Schul(t)z (Schaffhausen)*

Spelling Variations: 
Schultz (Schaffhausen)*
Schulz (Schaffhausen)*
Шульцъ (Schaffhausen)*
Settled in the Following Colonies: 
Discussion & Documentation: 

[Heinrich] Nikolaus Schulz, his wife Anna, and children (Maria, age 5; Johann, age 1) arrived from Lübeck at the port of Oranienbaum on 10 August 1766 aboard a ship under the command of Skipper Nikolaus Peter Pink.

Nicolaus Schultz [sic], his wife Anna Maria, and children (Anna Maria, age 5¼; Joh. Christoph, age 1¼) are recorded on the list of colonists being transported from St. Petersburg to Saratov in 1767.

They are recorded on an appendix to the 1767 census of Paulskaya in Household No. 72 along with a note that they relocated to the Volga German colony of Schaffhausen in 1768.

The Oranienbaum passenger list records that Nikolaus Schulz was a farmer while the 1767 census records that he was a weaver (Weber).

Both the Oranienbaum passenger list and the 1767 census record that Heinrich Nikolaus Schulz came from the German region of Hamburg.

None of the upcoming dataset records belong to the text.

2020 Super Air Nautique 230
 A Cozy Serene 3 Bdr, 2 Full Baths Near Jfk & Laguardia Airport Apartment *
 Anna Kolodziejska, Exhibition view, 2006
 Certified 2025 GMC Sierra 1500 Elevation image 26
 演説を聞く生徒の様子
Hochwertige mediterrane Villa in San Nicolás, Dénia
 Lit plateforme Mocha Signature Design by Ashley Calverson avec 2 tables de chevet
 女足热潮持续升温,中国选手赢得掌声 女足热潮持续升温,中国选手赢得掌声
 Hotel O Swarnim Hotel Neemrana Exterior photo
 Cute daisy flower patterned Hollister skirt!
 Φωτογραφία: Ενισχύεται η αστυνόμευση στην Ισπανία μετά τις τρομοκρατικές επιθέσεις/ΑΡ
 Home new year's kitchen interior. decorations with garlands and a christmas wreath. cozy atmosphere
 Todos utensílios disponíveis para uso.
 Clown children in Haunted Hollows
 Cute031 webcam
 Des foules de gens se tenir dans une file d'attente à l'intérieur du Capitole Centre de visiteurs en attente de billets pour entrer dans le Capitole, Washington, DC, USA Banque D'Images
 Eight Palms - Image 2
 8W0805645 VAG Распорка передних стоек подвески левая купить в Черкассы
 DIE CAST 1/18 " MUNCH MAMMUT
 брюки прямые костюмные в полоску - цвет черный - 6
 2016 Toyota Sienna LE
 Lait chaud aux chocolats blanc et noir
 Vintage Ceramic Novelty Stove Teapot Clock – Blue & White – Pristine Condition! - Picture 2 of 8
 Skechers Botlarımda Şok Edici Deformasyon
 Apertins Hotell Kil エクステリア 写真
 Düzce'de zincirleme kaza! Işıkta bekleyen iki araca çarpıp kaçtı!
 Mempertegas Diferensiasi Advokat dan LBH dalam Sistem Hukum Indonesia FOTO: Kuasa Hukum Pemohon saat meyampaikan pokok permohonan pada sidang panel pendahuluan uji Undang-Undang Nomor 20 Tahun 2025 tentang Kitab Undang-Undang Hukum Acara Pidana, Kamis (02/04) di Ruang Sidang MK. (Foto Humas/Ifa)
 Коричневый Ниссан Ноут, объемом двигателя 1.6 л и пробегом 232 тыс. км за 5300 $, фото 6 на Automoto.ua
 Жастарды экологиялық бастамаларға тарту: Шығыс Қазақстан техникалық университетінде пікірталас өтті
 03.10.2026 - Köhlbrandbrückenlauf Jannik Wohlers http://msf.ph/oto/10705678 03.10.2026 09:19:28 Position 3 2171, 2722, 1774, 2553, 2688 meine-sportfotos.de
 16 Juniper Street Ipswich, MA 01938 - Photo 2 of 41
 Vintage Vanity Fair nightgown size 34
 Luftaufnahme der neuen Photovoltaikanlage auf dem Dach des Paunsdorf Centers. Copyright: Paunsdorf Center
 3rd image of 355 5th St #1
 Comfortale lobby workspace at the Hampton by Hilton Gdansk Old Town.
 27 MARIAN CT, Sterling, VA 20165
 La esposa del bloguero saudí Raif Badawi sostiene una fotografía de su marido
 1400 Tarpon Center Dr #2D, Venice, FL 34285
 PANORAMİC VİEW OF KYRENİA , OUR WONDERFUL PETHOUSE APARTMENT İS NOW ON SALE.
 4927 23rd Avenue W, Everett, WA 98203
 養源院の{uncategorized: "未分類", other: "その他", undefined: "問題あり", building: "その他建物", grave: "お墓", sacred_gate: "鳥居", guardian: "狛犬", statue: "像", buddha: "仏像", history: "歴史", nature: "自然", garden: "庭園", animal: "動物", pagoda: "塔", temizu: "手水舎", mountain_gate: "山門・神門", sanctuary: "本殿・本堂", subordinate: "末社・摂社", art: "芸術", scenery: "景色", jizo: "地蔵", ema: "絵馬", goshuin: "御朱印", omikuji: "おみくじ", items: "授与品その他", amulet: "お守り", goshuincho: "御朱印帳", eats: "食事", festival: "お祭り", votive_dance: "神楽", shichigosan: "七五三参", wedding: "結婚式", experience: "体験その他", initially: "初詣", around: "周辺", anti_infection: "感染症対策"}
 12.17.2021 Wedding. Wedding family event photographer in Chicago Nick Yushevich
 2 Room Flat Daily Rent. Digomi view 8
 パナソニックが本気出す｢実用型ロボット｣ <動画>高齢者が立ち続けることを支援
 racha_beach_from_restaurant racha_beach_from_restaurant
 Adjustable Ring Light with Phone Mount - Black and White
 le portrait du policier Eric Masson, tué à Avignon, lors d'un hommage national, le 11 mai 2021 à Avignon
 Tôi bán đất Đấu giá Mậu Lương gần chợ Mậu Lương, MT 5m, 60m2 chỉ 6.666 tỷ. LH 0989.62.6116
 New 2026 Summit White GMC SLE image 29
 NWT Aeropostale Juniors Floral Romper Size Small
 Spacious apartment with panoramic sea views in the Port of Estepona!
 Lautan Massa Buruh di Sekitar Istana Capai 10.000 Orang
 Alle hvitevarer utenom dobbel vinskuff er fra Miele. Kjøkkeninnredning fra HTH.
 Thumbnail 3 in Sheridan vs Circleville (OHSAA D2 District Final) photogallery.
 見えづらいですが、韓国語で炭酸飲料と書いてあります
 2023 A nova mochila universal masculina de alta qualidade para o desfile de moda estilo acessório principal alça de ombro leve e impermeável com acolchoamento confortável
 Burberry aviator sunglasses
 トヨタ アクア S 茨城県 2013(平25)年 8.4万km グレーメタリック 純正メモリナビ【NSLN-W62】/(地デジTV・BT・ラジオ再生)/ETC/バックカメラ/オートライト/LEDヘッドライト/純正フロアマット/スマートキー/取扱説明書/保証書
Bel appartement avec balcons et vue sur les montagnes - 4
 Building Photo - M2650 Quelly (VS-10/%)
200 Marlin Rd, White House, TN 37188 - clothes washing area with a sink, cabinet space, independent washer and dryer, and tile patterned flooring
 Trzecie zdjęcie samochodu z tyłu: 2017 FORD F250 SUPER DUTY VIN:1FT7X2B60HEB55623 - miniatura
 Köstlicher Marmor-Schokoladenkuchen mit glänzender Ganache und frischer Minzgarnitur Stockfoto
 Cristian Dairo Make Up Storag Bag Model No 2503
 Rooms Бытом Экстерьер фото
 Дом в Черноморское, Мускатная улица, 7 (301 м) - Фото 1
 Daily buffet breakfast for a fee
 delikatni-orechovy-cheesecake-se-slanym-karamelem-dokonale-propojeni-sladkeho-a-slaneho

There are no known surviving male lines of this Schulz family among the Volga German colonies.

Sources: 

- Pleve, Igor. Einwanderung in das Wolgagebiet, 1764-1767 Band 3 (Göttingen: Der Göttinger Arbeitskreis, 2005): 365.
- Pleve, Igor. Lists of Colonists to Russia in 1766 (Saratov: State Technical University, 2010): #4437.
- Rauschenbach, Georg. Deutsche Kolonisten auf dem Weg von St. Petersburg nach Saratow: Transportlisten von 1766-1767 (Moscow: G.V. Rauschenbach, 2017): #5091-5094.